= 1918 Romanian typographers' strike =

Labor strike in Bucharest, Romania

The 1918 Romanian typographers' strike was a labor strike in Bucharest, Romania. The strike began on December 6, 1918, when the city's typographers went on strike for higher salaries, an 8-hour work day, and recognition of their union. The striking workers declared a second protest the following week, and on December 13, they were joined by various left-wing groups, who demanded the abolition of the Romanian monarchy. It is estimated that over 15,000 participated in the December 13th demonstrations.

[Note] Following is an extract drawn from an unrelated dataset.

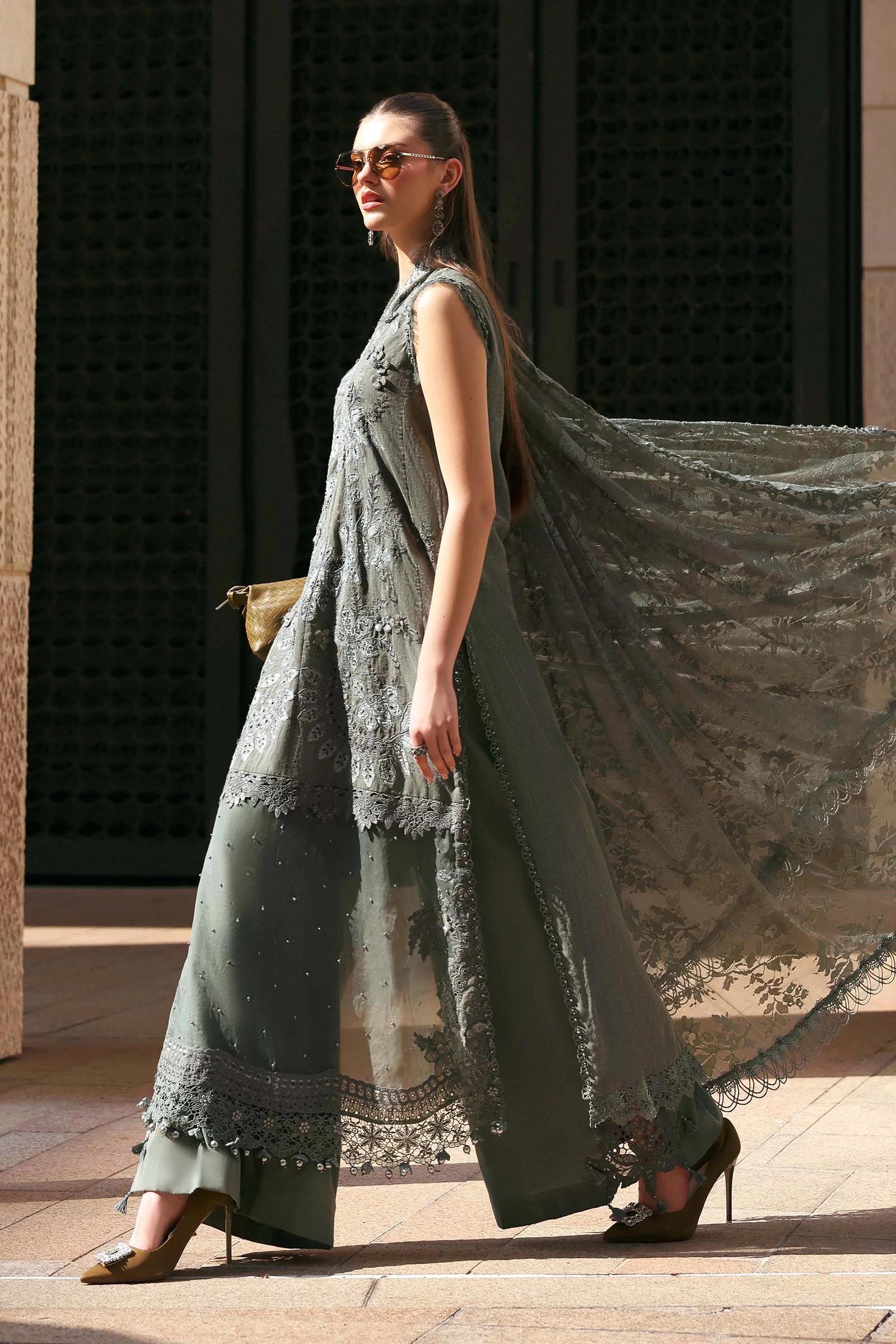 3 Piece Embroidered Lawn Karandi Suit - D-2603-B-Default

The strike was violently put down by the Romanian military, resulting in the deaths and injuries of dozens of workers, although the death toll has been disputed.

== Context ==
Following the end of World War I and the Bolshevik Revolution in the Soviet Union, much of Europe saw various communist uprisings. Over 700,000 Romanian soldiers and civilians were killed during the war.

Compounding this, working conditions amongst the urban population were poor at the time, with children as young as six working, and workdays lasting from 12 to 16 hours per day. Previous protests during World War I were violently suppressed via emergency powers granted to the government. Increasingly, left-wing groups began making themselves more visible, with typographers printing large amounts of left-wing material.

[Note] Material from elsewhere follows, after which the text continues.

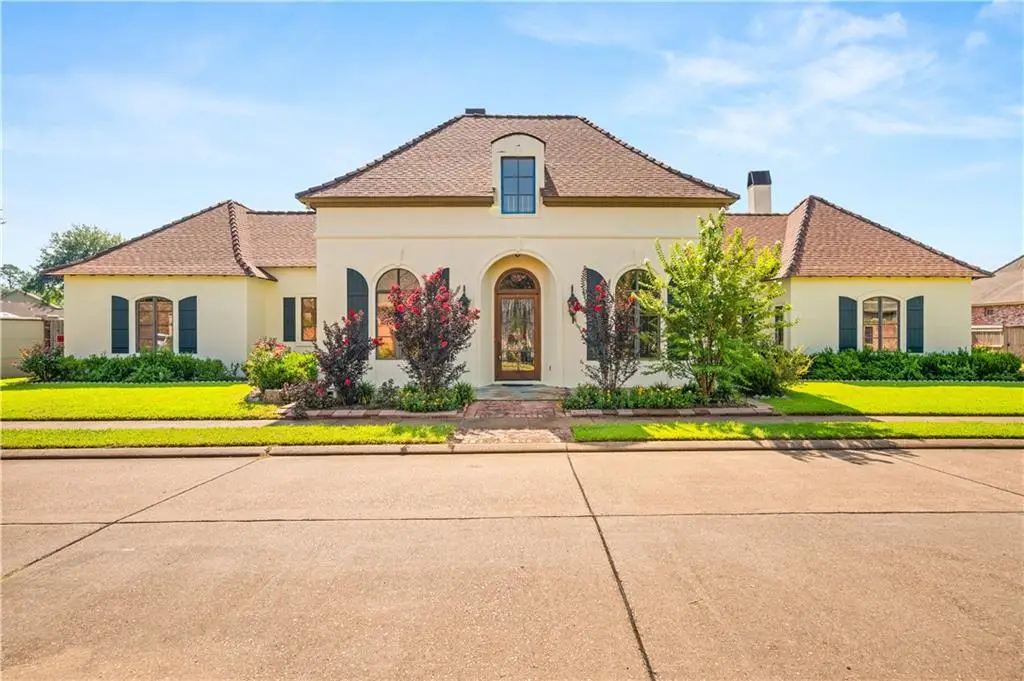 6039 Stonegate Drive, Alexandria, LA 71303 - Image #1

When Ferdinand I returned from exile on December 1, 1918, 6,000 railway workers went on strike in Bucharest. On December 3, 5,000 civil servants went on strike.

== Events ==
On December 6, 1918, typographers in the city on Bucharest had gone on strike, demanding higher salaries, an 8-hour work day, and recognition of their union. During this strike, the protestors announced a second protest the following Friday. On the 13th, protestors marched down Calea Victoriei, near the royal palace. The protestors then approached a military general, asking for permission to protest, which the military did not approve. The military then began shooting the protestors with four machine guns. One military official at the time noted that such shootings went against regulations placed upon the military, which required a military prosecutor to be present to approve such shooting, and that the guidance stated that warning shots should have been fired instead.

== Aftermath and death toll ==
Initially, the government reported a low death tolls, with figures ranging from 6 to 16 strikers that had been killed, although subsequent figures suggest that perhaps 87 or 102 strikes may have been killed.

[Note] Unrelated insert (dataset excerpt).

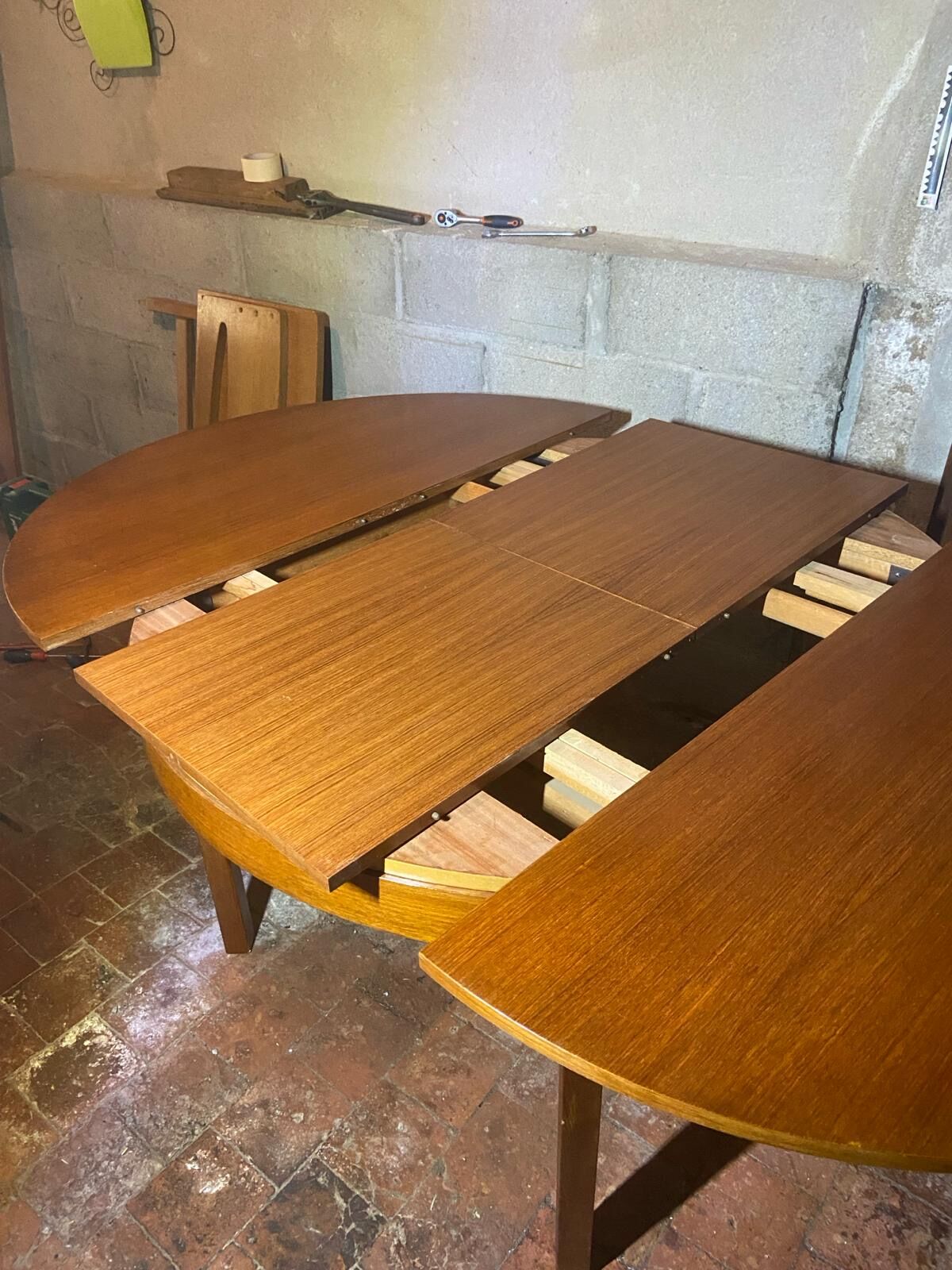 Round table with butterfly extension 70s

Socialist organizer Ion Frimu was among those wounded by the military officers, and died from his wounds weeks later. Other prominent figures who were arrested at the march included Alecu Constantinescu and Alexandru Bogdan. Constantin Titel Petrescu and N. D. Cocea were some of the lawyers who defended those arrested.

== Legacy ==
Under the Socialist Republic of Romania, December 13 became a national holiday, known as "Typographers' Day".

A large mausoleum for Ion Frimu was erected in Tineretului Park, and a commemorative statue and plaque was built at the site of the protest. One of the streets the protestors marched down, Ion Câmpineanu Street (Strada Ion Câmpineanu) was renamed to December 13, 1918 Street (Strada 13 Decembrie 1918), but reverted to Ion Câmpineanu Street following the fall of the Socialist Republic of Romania.